Yeah, I get it about everything needing maintenance. When I started my quest for supplemental / back-up heat, I was originally thinking pellet stove.  But after doing considerable research and reading a number of reviews on major brand pellet stoves,  I started thinking maybe I don't want to go that route because they seem pretty fussy and need to be cleaned quite frequently.  Plus I'd need a back-up power source during power outages, which are not infrequent where we are moving to.  Gas in general, whether it be natural or propane, seems like a lot less hassle and trouble-free, at least maintenance-wise.  And so I just wondered in my last post if the fire-place style propane heaters were any more trouble to keep running smoothly than the Empire DV-35 style heaters. Wood is the simplest, but I did that for decades and just don't have it in me anymore.    tony


----------



## stovelark (Jul 31, 2013)

Hi again Tony,  Bob is absolutely right, DV stoves or fireplaces are awesome heaters.

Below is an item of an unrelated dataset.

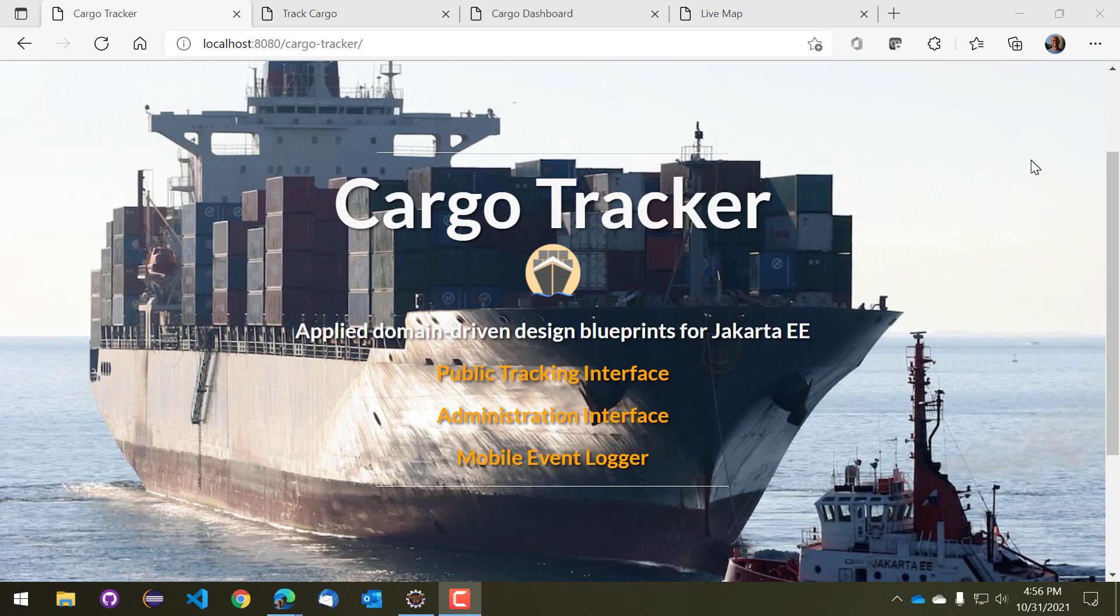Hello, in this video we are going to take a look at the primary functionalities of the Eclipse Cargo Tracker application. Eclipse Cargo Tracker is part of the EE4J umbrella projects and it is closely related to the Jakarta EE specification. The objective of the project is basically to demonstrate key architectural blueprints, namely design patterns like domain-driven design, and how they can be implemented using Jakarta EE.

You should get the blower, its an added expense to some, most of the serious heaters have them.  I am not a fan of IPI, I like standing pilots myself, even if they do consume 1-2 gallons a month to run.  IPI's are gaining in popularity though.  B vents were a nice replacement for a wood stove, normally powerful in BTU's and used the existing chimney, but does use room air and loses room air when not being used, I'd avoid them too if possible.  Jotul, Quad, Napoleon are all good reliable heaters.  Hopefully you have NG, its about 2.00/therm (100,000BTU) here in CT, propane is expensive at around 3.00/gal (92000BTU).  A 35.000 btu stove burning on high would consume a gallon of propane about every 2.5 hours, but most people set the valve at about midrange (around 25,000btu).  Good luck in your hunt.


----------